Data extracts =>
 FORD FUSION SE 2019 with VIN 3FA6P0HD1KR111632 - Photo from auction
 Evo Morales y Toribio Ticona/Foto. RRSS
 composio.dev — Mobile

...

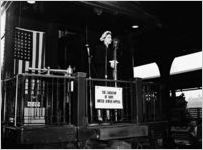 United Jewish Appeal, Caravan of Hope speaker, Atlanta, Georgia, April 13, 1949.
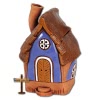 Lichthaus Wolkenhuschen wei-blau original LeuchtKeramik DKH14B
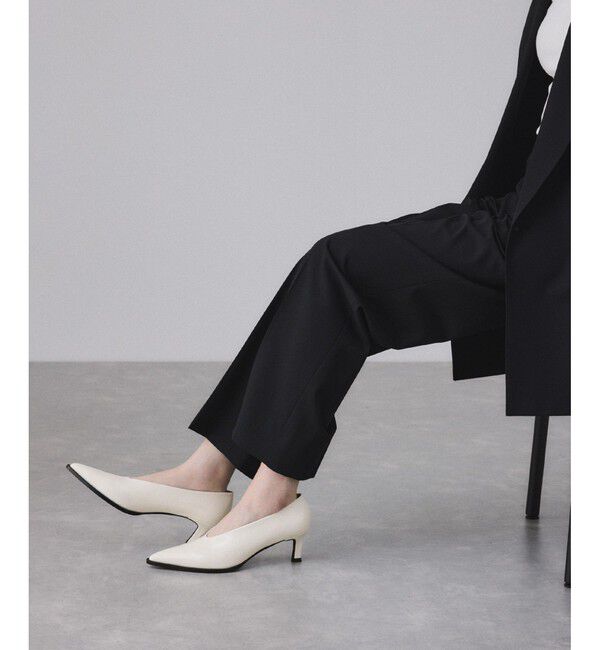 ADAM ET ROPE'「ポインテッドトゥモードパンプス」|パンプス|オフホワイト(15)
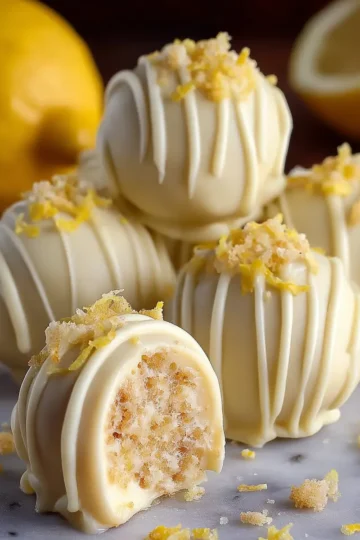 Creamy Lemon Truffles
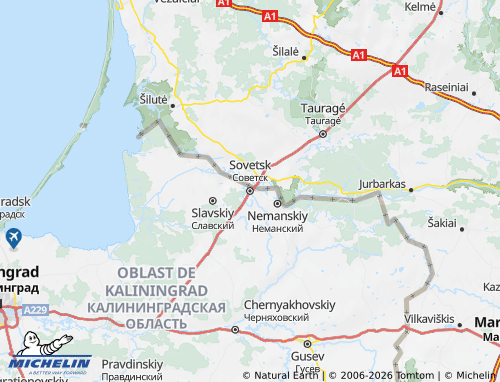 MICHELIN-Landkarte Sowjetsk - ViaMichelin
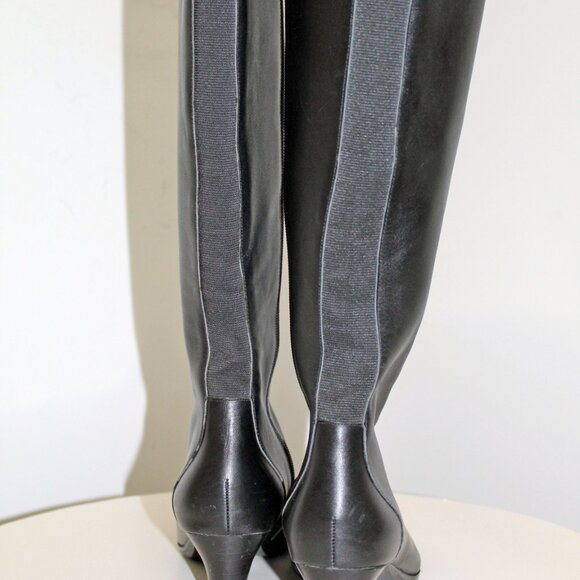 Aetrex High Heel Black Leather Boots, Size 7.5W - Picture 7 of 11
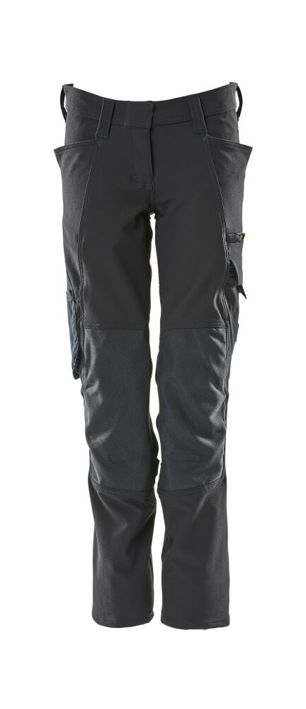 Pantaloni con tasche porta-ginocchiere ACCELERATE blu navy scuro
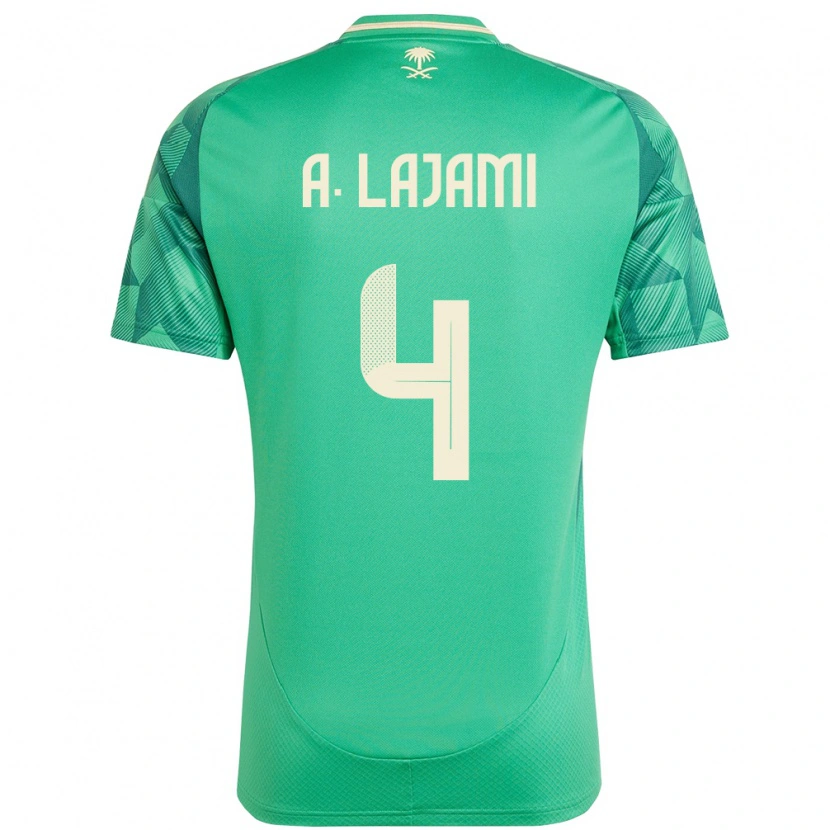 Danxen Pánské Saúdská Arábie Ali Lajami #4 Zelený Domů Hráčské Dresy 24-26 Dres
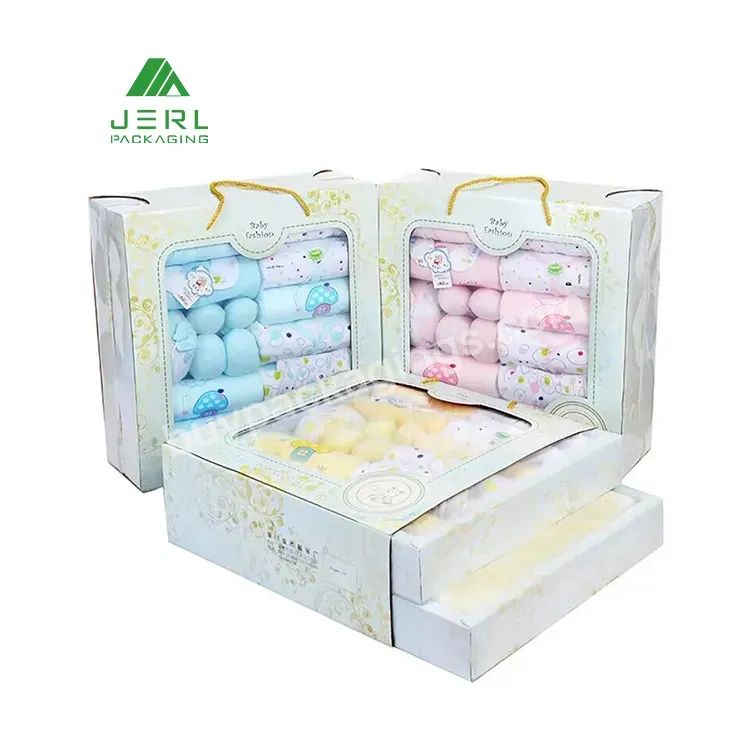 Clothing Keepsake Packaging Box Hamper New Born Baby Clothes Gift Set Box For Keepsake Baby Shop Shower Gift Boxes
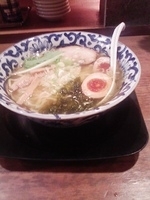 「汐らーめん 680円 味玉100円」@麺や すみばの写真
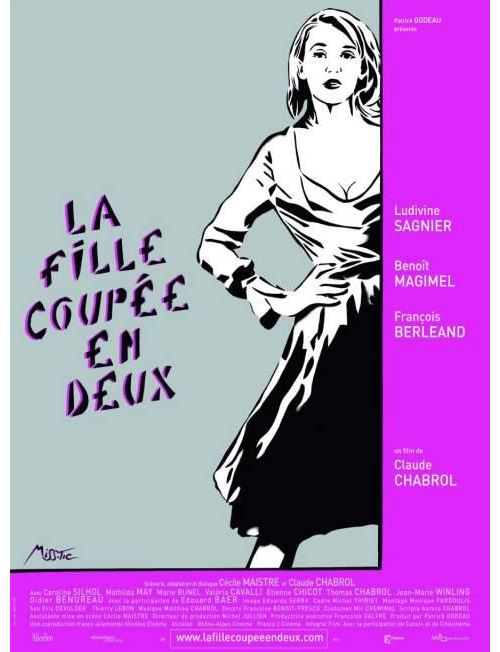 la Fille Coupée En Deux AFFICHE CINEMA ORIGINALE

Task description => In the listing above, find the line containing "Aetrex High Heel". Output it and every line after it up to and including the line containing "la Fille Coupée", exactly, but skip the pictures.

Answer space =>
 Aetrex High Heel Black Leather Boots, Size 7.5W - Picture 7 of 11
 Pantaloni con tasche porta-ginocchiere ACCELERATE blu navy scuro
 Danxen Pánské Saúdská Arábie Ali Lajami #4 Zelený Domů Hráčské Dresy 24-26 Dres
 Clothing Keepsake Packaging Box Hamper New Born Baby Clothes Gift Set Box For Keepsake Baby Shop Shower Gift Boxes
 「汐らーめん 680円 味玉100円」@麺や すみばの写真
 la Fille Coupée En Deux AFFICHE CINEMA ORIGINALE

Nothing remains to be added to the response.